In passing through some parts of the country, the chaparral cleared tip and the mesquit trees with the wild grass under them, looked exactly like an old orchard of half-dead apple trees in a field of half-ripe oats, and the road winding through the grass, like some farm road in harvest time passing through a grain field.
There is abundance of game in the country—wolves, foxes, deer and immense rabbits, but there are no edible vegetables or fruits to be had, and I tell you it is tough living, and take it all in all, I would not live in this country if I could own a whole county. To all intents and purposes, this country is Mexico still.
Monday. 31st; I had not time to finish my letter yesterday and will add a few lines to-day and seal it up, to wait the arrival of the next boat.
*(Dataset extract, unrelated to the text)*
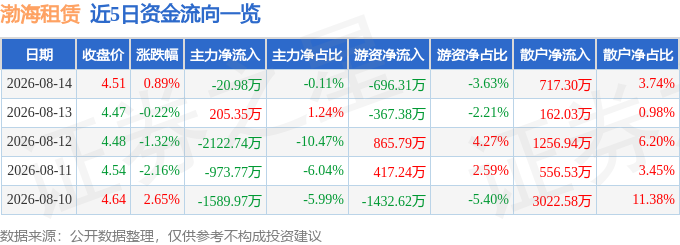 股票行情快報：渤海租賃（000415）8月14日主力資金淨賣出20.98萬元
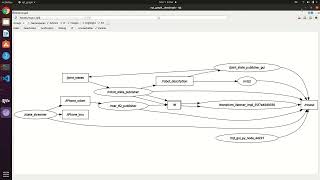 Famous ROS2 Transforms & URDF for ROAR Wealth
There is no telling when that will come.
Last night I was disturbed in my sleep by a strange noise, and rising up in bed to listen I made out that a pack of prairie wolves had made a visit, and were paying their compliments by making a most infernal noise about ten rods away in the chaparral, whining, howling and yelplike a parcel of half-fed curs. They are cowardly rascals.
Well, I’ve written you a long rambling letter. Things are jumbled up in it very much as they have been in my experience here, and it seems half like some ugly dream, but you can rely on it as being all true. About two months more of such life and I hope to see civilization again. In the meantime I hope to hear from you as often as a mail comes, which is seldom.